Standing on the players' lawn after Williams had defeated Germany's Angelique Kerber in straight sets, Mouratoglou spoke of his relief. Not relief that the Californian had finally put herself level with Steffi Graf's modern era record of 22 Grand Slam titles, but relief that "Serena is back", having not been herself in her defeats in this year's Australian Open and Roland Garros finals.
"If I'm totally honest, I'm not relieved to have the 22nd, I'm relieved to have Serena back. Everything depends on that,” said the Frenchman. “I don't look at the reward, I look at how to achieve it. There was something missing for a few months and the thing that was missing was just Serena. The tennis player was there but Serena as a person wasn't really herself, so she was much more beatable.
"She got that back over time.
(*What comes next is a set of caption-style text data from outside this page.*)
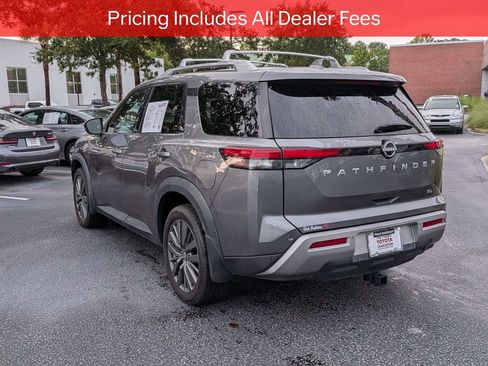 Used 2024 Nissan Pathfinder SL w/ SL Premium Package FWD image 6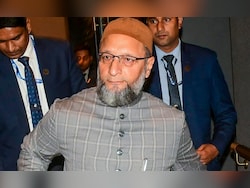 &quot;Buffoon-In-Chief In White House&quot;: A Owaisi Targets Trump Over India Tariff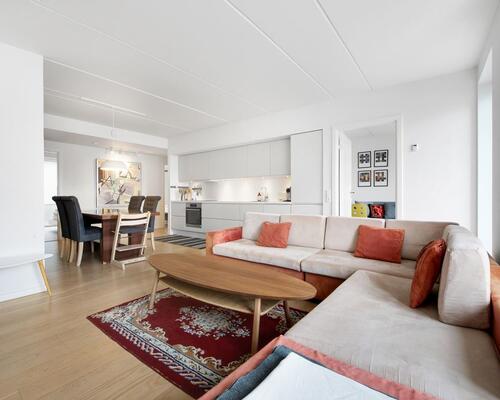 Stilfuld og fuldt møbleret lejlighed med solrig terrasse i attraktive Nordhavn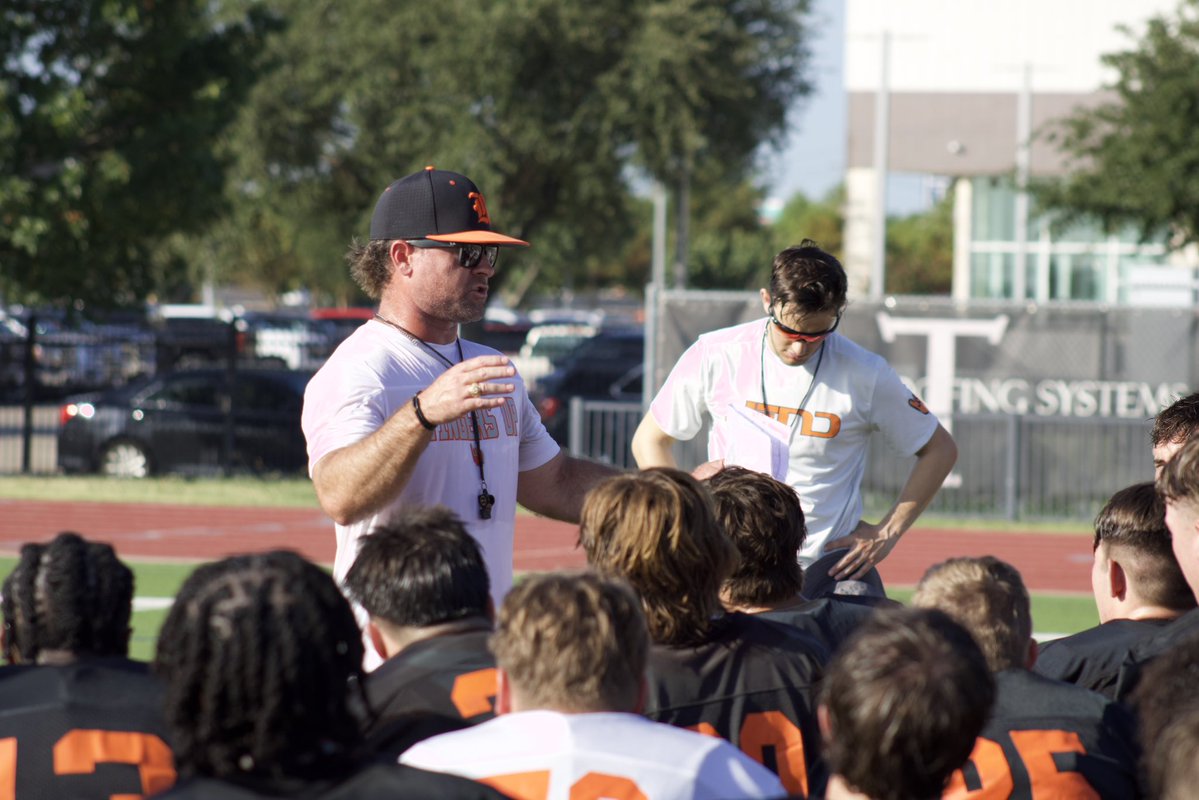 Jaxson Callaway (AT) (@aggiestoday) on Twitter photo Appreciate <a href="/CoachBrooks22/">Trey Brooks</a> and the rest at <a href="/rockwalljfndfb/">Rockwall Football</a> for letting me come back down!
Will be back multiple times this season. #JFND 🐝 Appreciate <a href="/CoachBrooks22/">Trey Brooks</a> and the rest at <a href="/rockwalljfndfb/">Rockwall Football</a> for letting me come back down!
Will be back multiple times this season. #JFND 🐝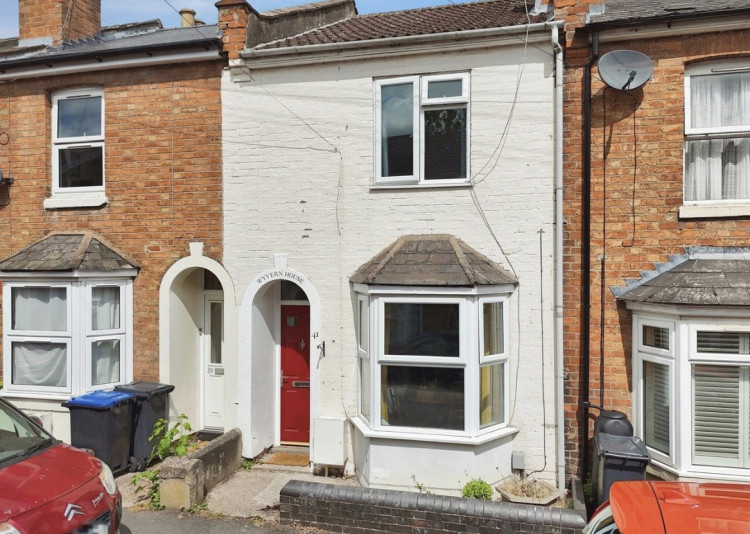 This week we have looked at a two-bedroom home on St. Georges Road, currently available for £265,000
I think we didn't realise how much time she needed to recover from the loss at the US Open [to Roberta Vinci in the semi-finals last year]. Maybe I'm being wrong, but that's how I feel.
"I spoke to her on the phone a few days after the Roland Garros final and I thought to myself, 'OK, she's back'. She sounded like Serena and before she wasn't. She was thinking like Serena. She's probably the greatest of all-time so she's probably not thinking like everyone else. That's what's so special, and she didn't lose that, it's come back. It was just lost for a few months."
Mouratoglou said that Kerber made it "tough" for Williams. "Kerber played really well. Kerber is very difficult to manipulate on a tennis court because she reads the game so well. She has a good answer to all the problems. But she's a bit predictable, otherwise we would have been in trouble. Serena did the job.
"What you saw today, what you saw in the semis and what you saw in the second round [against Christina McHale] - that was Serena. When she was in trouble, boom, boom, she did it. When she needed to close, boom, she did it. That is Serena. I didn't see that for months."